Bob Marley Film Has a Strong Start, but ‘Madame Web’ Unravels

The sleepy United States box office finally lifted its eyelids over the holiday weekend. “Bob Marley: One Love,” a feel-good musical biopic, was on track to take in $33.2 million from Friday through Monday, for a strong total of roughly $51 million since opening on Valentine’s Day, according to Paramount Pictures.

“Excuse me while I light my spliff,” read a celebratory post on the official X account for Marley, who died in 1981.

“One Love,” which cost about $70 million to make, landed in what has emerged over the last year as a box office sweet spot — stories that feel both nostalgic and new — allowing it to overcome weak reviews, box office analysts said. (Marley has never before been the subject of a big-screen musical biopic.)

But the movie business, for the most part, was anything but euphoric. The weekend’s other new wide-release movie, “Madame Web,” based on a minor character from the Spider-Man comics, added to what has recently been a clear message from ticket buyers: The comics-character boom is over. “Madame Web” was on track to sell $17.6 million in tickets from Friday through Monday, for a total of $25.8 million since arriving on Valentine’s Day, according to Sony Pictures.

Ticket sales for “Madame Web” were among the lowest ever for a superhero movie — a genre that, for decades, has been one of Hollywood’s most reliable moneymakers. To compare, “Elektra,” considered a hall-of-fame superhero misfire, collected $12.8 million over its first three days in 2005, or about $21 million in today’s dollars.

It’s not that superhero movies are finished. Rather, “the superhero universe is no longer expanding,” said David A. Gross, a film consultant who publishes a newsletter on box office numbers. The most popular characters will continue to attract audiences, he said, pointing to early interest in “Deadpool & Wolverine,” a coming superhero sequel from Marvel Studios. The first “Deadpool & Wolverine” trailer, released during the Super Bowl, generated more than 365 million views online in its first 24 hours, setting a record.

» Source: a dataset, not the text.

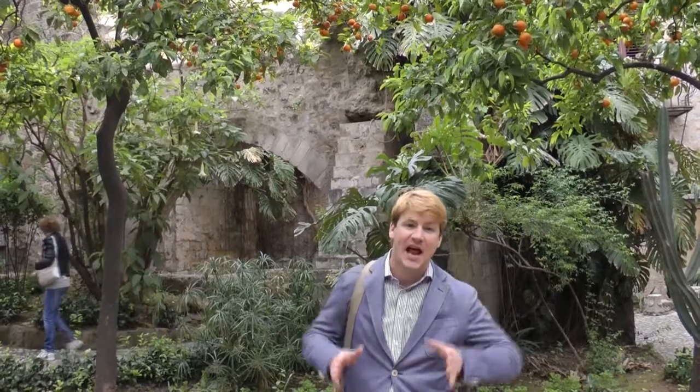Welcome to Walks Traveler. I'm Jason Spieler and we're in Palermo, Italy at the beautiful church of San Giovanni degli Eremiti, or St. John and the Hermits — one of the best examples of the fusion of Arab and Norman architecture in the mid 12th century.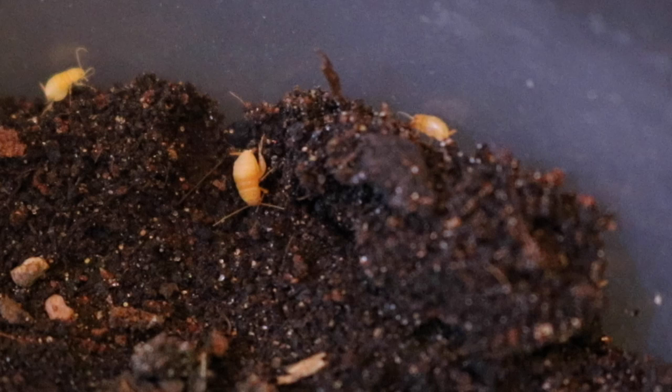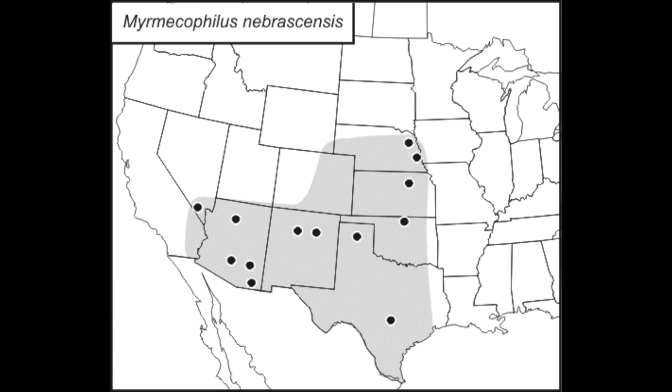This particular species, named after the area it was first discovered in, is found throughout the American Great Plains and the southwestern deserts of the United States. The exact range of the family Myrmecophilidae is unknown, with species being found in Asia, Europe, and the Americas. This particular species is a Michigan native.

“Madame Web” received disastrous reviews; one critic called it the “Cats” of superhero movies. The film, directed by S.J. Clarkson, whose previous experience was mostly in television, and starring an all-female ensemble led by Dakota Johnson, was also undercut by some of the same misogyny that thwarted female-oriented films like “The Marvels” and “Ghostbusters” (2016). Social media users and some movie sites reveled in slashing apart “Madame Web” in general and Ms. Johnson in particular.

In financial terms, it was not a catastrophe for Sony — not compared with “The Marvels,” which cost Disney an estimated $220 million to make and collected only $200 million worldwide last year. (Studios receive about 50 percent of ticket sales, with theaters keeping the balance.) “Madame Web,” intended as a thriller for young women, cost about $80 million to make, partly because it did not rely on lavish visual effects. (Her only superpower is clairvoyance.)

“Madame Web” collected an additional $26 million in partial international release over the weekend.

“Bob Marley: One Love,” directed by Reinaldo Marcus Green (“King Richard”) and starring Kingsley Ben-Adir, sold about $29 million in tickets overseas, where it was also playing in partial release.

Theaters have been ghost towns on some weekends this year, a result of big-budget movies like “Argyle” that failed to entice ticket buyers, Oscar-oriented art films that have not crossed over to the mainstream and fewer wide releases. For the year so far, theaters in the United States and Canada have sold about $764 million in tickets, down 15 percent from the same period last year, according to Comscore, which compiles box office data.

The slowdown was particularly pronounced on Super Bowl weekend, when domestic theaters collected just $38.9 million, the worst result for a Super Bowl weekend — excluding the pandemic year of 2021 — since at least the mid-1980s, when comprehensive box office records began to be compiled, according to Comscore.

Several big movies, including “Dune: Part Two,” will arrive in the weeks ahead. But the box office is expected to continue to struggle, partly because studios pushed several films off the March release calendar as a result of the union strikes that shut down production for much of last year. “Disney’s Snow White,” for instance, was once set to arrive on March 22. Citing production delays, Disney bumped it to March 2025.

“This isn’t another industry existential crisis — we had those and we’re past them,” Mr. Gross said. “Moviegoing has proven itself during the last couple of years. This is a release schedule, product-driven problem that will take some time to fix.”